Belli suggests that limiting the EA program to a certain enrollment number and requiring other patients to participate in RCTs to get access to an unproven product would result in a definitive answer on whether the therapy works or not. She adds that this would avoid ethical issues relating to the delay in obtaining evidence.
“If a product does not work, we should limit the number of patients exposed to it; if it does work, we should identify in which patients and at what dose and what at time points as quickly as possible for the benefit of patients,” Belli urges. Meanwhile, she says, “Biopharma companies increasingly wish to collect real-world data (RWD) from EA programs to include in regulatory submissions, based on increasing acceptance of these data by U.S. and European regulatory bodies. RCTs are still the ‘gold standard’ for evidence, but sponsors tend to only enroll select populations defined by tight inclusion/exclusion criteria that do not resemble the larger patient population. However, RWD cannot replace well-designed RCTs in evaluating investigational product safety and efficacy, since real-world studies lack the control groups, randomization, and blinding needed to generate robust, generalizable findings.”

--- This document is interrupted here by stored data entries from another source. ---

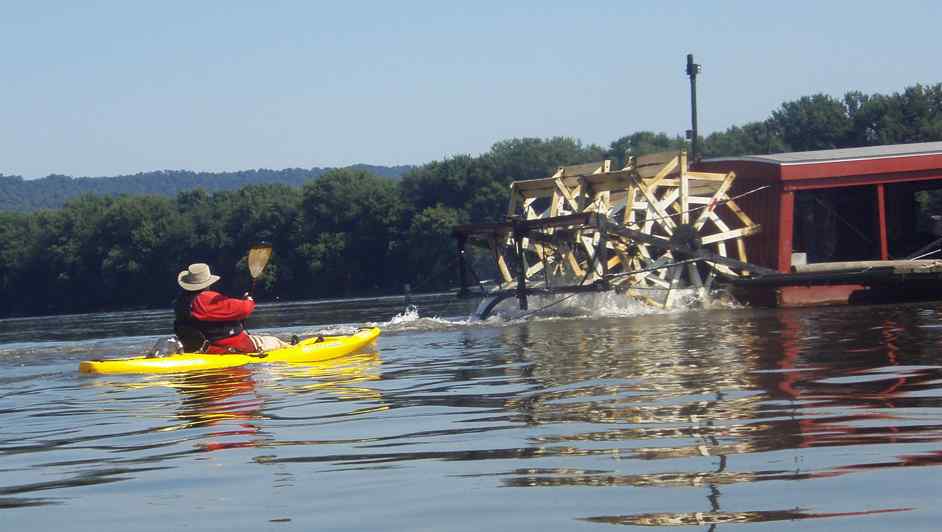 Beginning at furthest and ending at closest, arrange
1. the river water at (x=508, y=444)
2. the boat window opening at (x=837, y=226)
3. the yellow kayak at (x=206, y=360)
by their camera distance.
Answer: the boat window opening at (x=837, y=226), the yellow kayak at (x=206, y=360), the river water at (x=508, y=444)

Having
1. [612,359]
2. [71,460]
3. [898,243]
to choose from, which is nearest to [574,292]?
[898,243]

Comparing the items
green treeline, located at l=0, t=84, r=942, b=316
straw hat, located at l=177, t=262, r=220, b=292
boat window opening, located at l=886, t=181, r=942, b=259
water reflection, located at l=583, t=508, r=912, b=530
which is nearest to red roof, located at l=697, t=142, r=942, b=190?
boat window opening, located at l=886, t=181, r=942, b=259

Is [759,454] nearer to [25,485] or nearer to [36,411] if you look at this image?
[25,485]

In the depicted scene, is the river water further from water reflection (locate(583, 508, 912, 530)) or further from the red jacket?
the red jacket

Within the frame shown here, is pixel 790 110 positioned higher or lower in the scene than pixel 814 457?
higher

Belli continues, “So, EA programs can usefully provide information from a more generalized population to supplement RCT results – including laboratory values, functional assessments, and patient-reported outcomes. Where no RCTs have been carried out, these RWD can support rapid decision-making of the kind that was needed early in the COVID-19 pandemic.”

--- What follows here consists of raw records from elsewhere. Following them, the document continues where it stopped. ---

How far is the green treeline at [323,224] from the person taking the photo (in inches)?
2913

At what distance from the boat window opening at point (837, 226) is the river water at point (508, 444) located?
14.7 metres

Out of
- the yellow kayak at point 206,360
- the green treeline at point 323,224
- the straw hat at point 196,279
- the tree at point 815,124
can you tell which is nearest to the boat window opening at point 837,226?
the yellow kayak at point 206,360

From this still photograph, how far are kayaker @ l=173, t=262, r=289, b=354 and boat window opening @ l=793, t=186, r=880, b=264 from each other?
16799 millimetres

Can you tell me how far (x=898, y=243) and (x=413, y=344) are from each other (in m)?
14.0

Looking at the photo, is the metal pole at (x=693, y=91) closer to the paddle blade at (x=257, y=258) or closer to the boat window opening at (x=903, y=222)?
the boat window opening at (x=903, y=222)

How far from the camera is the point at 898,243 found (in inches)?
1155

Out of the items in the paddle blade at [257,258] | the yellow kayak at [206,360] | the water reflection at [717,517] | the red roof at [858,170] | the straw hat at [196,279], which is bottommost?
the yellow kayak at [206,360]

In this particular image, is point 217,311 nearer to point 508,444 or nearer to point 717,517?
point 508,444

As Belli explains, EA is intended for treatment of patients rather than for research. As such, it is important to be cautious in interpreting results, since data collection is a secondary activity in EA, rather than a primary one as in research. RWD are susceptible to biases since they are not subject to randomization and perhaps come from a sicker population, possibly after failing to qualify for a clinical trial of the desired therapy, she cautions.
Join Hayley at ACRP 2023 [April 28 – May 1; Dallas, TX], where she—and Dr. Alison Bateman-House—will delve into real-world data that is generated both within and outside EA programs, and how to evaluate real-world data as a potential source of real-world evidence. View complete schedule.

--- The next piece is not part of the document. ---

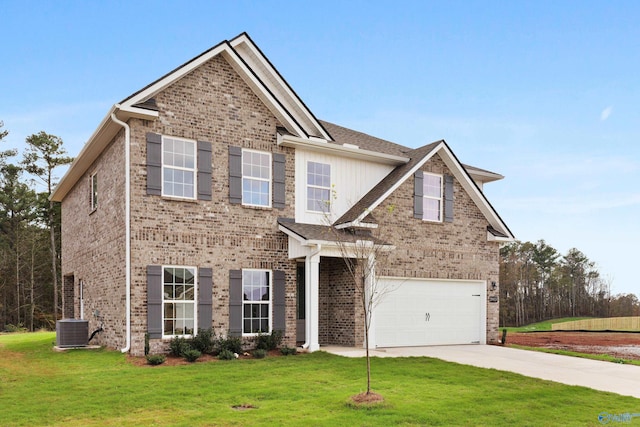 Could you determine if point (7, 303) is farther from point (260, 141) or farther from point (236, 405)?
point (236, 405)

“We need to consider when it is acceptable to collect RWD from EA programs,” says Belli. “There must be a pressing need for these data, for example, to aid in the design of an RCT or supplement results from RCTs. When weighing the evidence from different sources, it is helpful to have a checklist of the population characteristics, who collected the data, and why. This helps in assessing the rigor involved, along with potential sources of bias.”
Belli notes that potential uses for RWD from EA programs include:
- Providing safety information about an investigational product or intervention
- Supporting hypothesis generation
- Informing design and patient stratification for subsequent RCTs
- Helping identify biomarkers
- Providing useful data in cases where RCTs are not feasible, including in some rare diseases
- Supplementing RCTs by enhancing the generalizability data
“Data from EA is by its nature pragmatic and generalizable,” says Belli. “It comes with costs and may ‘muddy the waters’ when trying to assess effectiveness, as the data come from patients, not from controlled trials. Yet these data have value, provided that collection methods ensure high quality and rigor of the data, with attention paid to minimizing bias and sources of error and avoiding missing data. Thoughtful data collection and sharing can help avoid possible misinterpretation.”